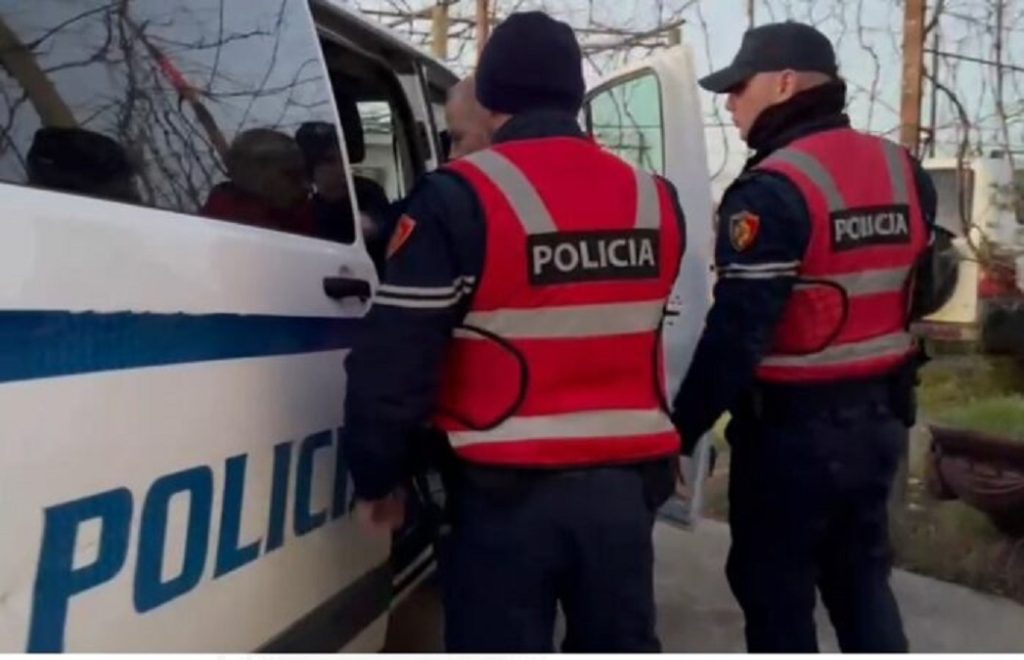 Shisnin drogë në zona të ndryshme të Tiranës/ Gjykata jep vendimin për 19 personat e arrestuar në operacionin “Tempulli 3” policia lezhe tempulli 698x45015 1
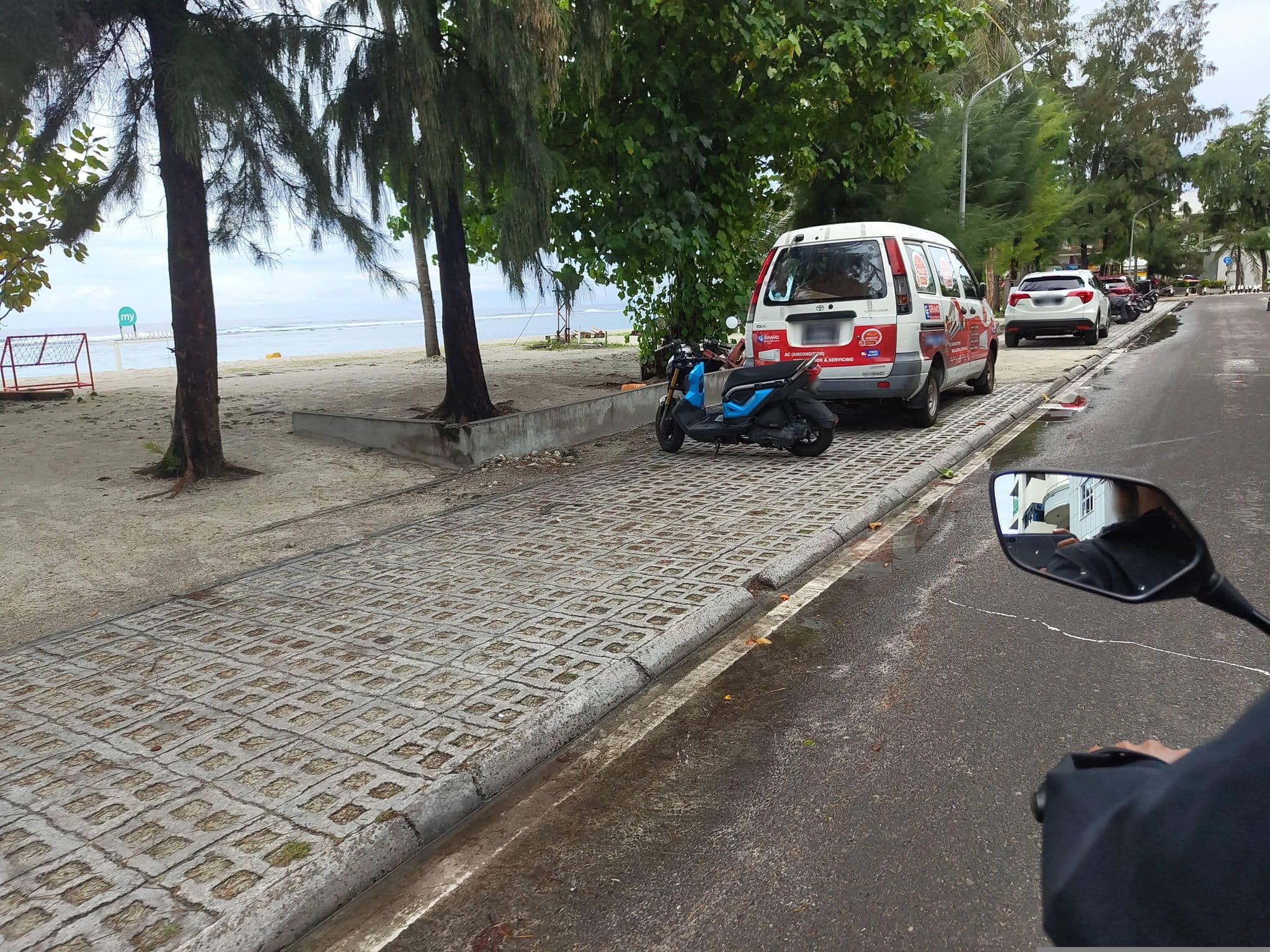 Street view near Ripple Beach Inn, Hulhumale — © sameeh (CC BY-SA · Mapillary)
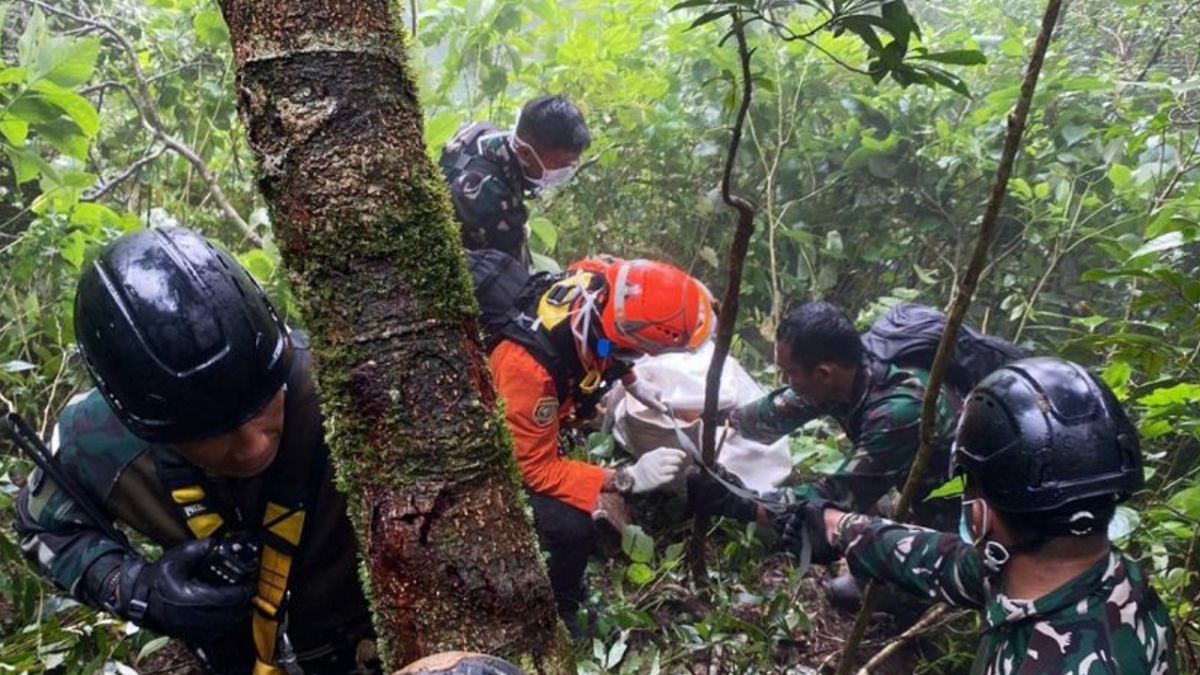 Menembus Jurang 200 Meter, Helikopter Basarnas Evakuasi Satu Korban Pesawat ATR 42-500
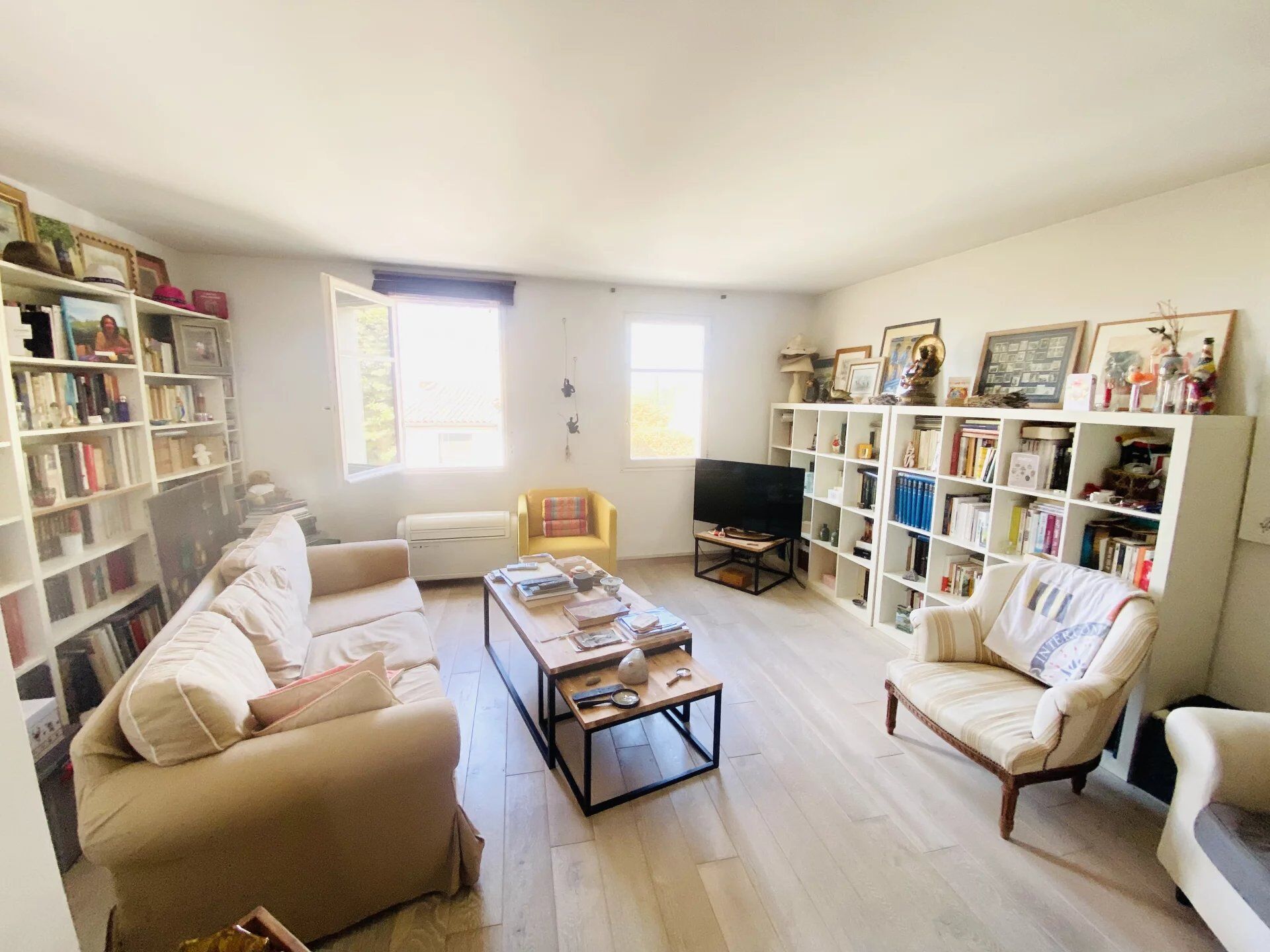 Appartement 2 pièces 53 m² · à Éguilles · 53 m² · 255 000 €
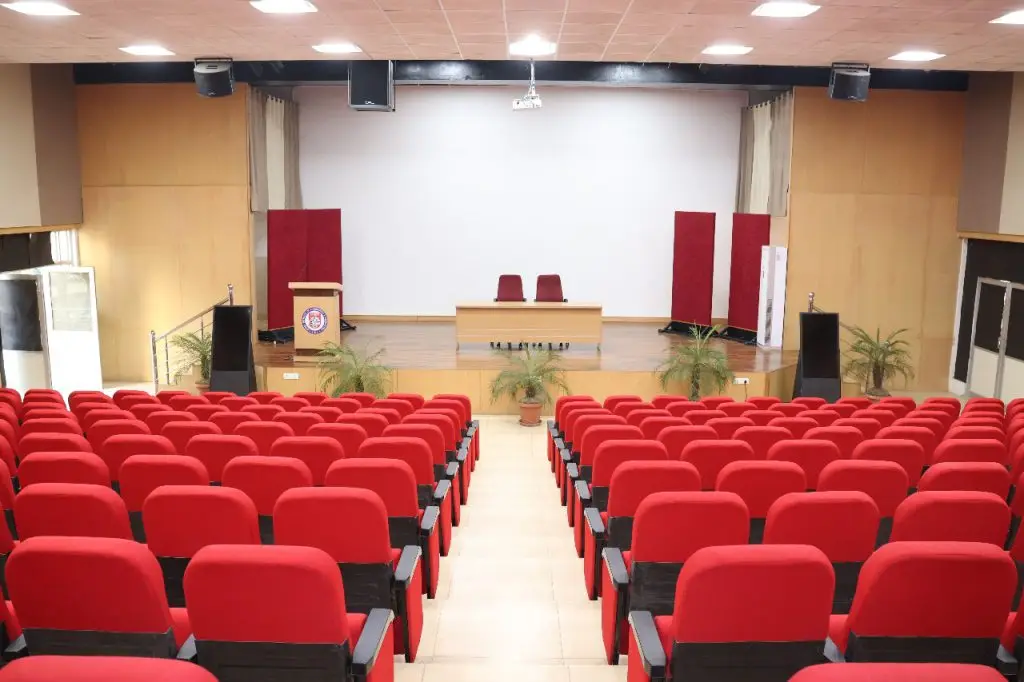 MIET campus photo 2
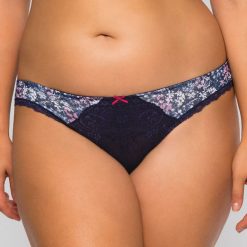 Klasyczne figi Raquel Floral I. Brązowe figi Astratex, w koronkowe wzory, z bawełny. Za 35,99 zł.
====
While leaving pictures out, reproduce exactly the lines from the beginning of the listing above through the line containing "Menembus Jurang 200", both ends included.

[RESPONSE TO THE TASK]
 Shisnin drogë në zona të ndryshme të Tiranës/ Gjykata jep vendimin për 19 personat e arrestuar në operacionin “Tempulli 3” policia lezhe tempulli 698x45015 1
 Street view near Ripple Beach Inn, Hulhumale — © sameeh (CC BY-SA · Mapillary)
 Menembus Jurang 200 Meter, Helikopter Basarnas Evakuasi Satu Korban Pesawat ATR 42-500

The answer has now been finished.